Your assignment ::
Once you find the line containing "中古 MSI GTX1070", set down exactly that line and every one after it through the end of the listing below, with both ends included and any pictures omitted.

[Materials provided Boundary: Start]

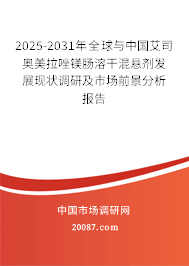 2025-2031年全球与中国艾司奥美拉唑镁肠溶干混悬剂发展现状调研及市场前景分析报告 2025-2031年全球与中国艾司奥美拉唑镁肠溶干混悬剂发展现状调研及市场前景分析报告
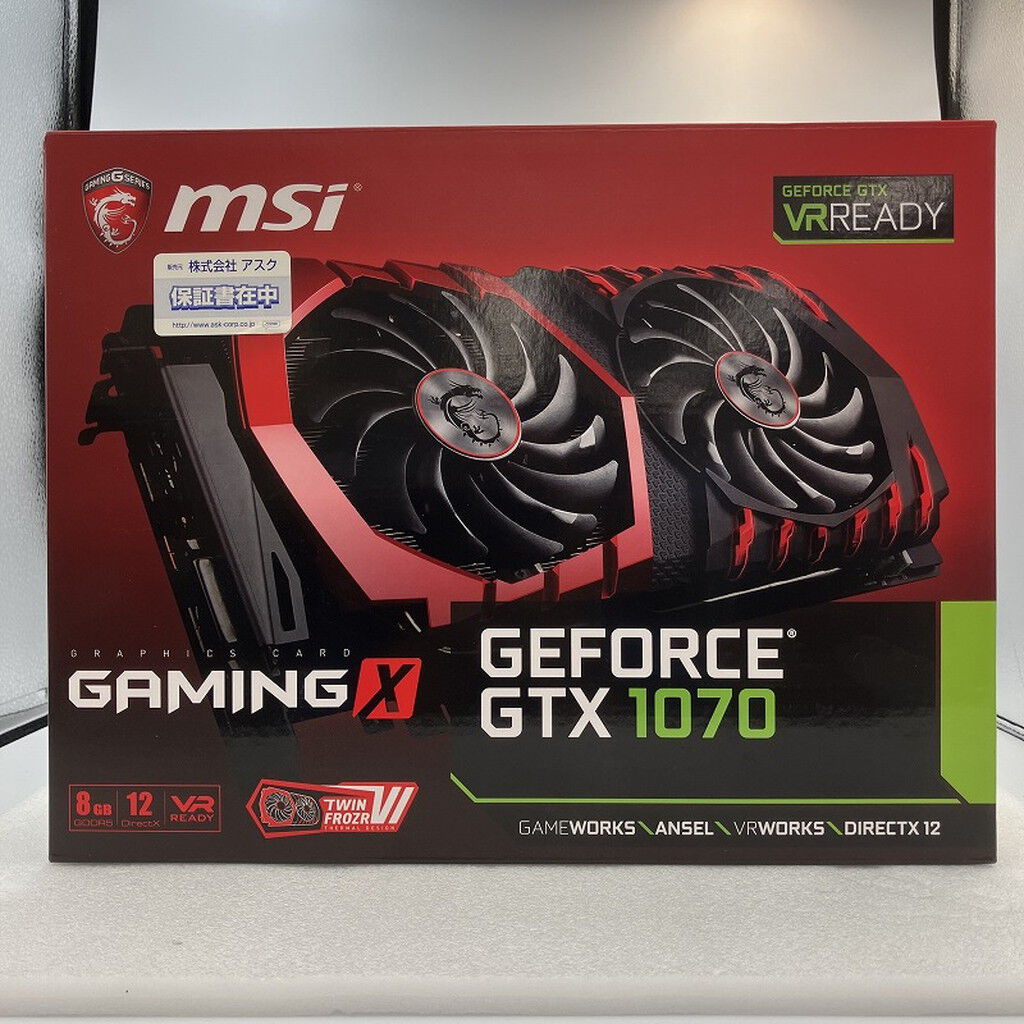 中古 MSI GTX1070 GAMING X 8G(GTX1070 8G GDR5 1D1H3P) 3210008160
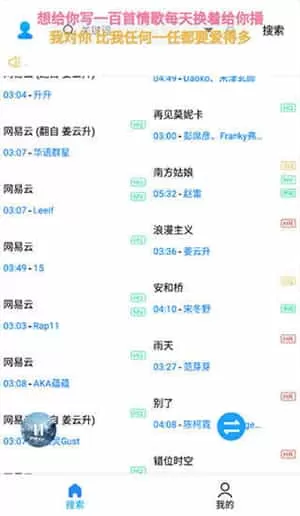 歌词适配免费版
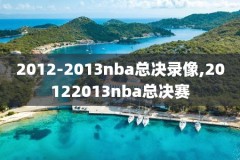 nba揭幕战马刺vs勇士录像,nba马刺vs勇士今天回放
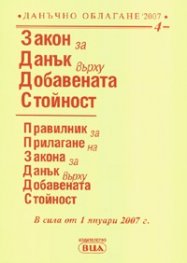 Закон за Данък върху Добавената стойност/ Посл.актуализация ДВ, бр.86/24.Х.2006г.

[Materials provided Boundary: End]

Expected answer ::
 中古 MSI GTX1070 GAMING X 8G(GTX1070 8G GDR5 1D1H3P) 3210008160
 歌词适配免费版
 nba揭幕战马刺vs勇士录像,nba马刺vs勇士今天回放
 Закон за Данък върху Добавената стойност/ Посл.актуализация ДВ, бр.86/24.Х.2006г.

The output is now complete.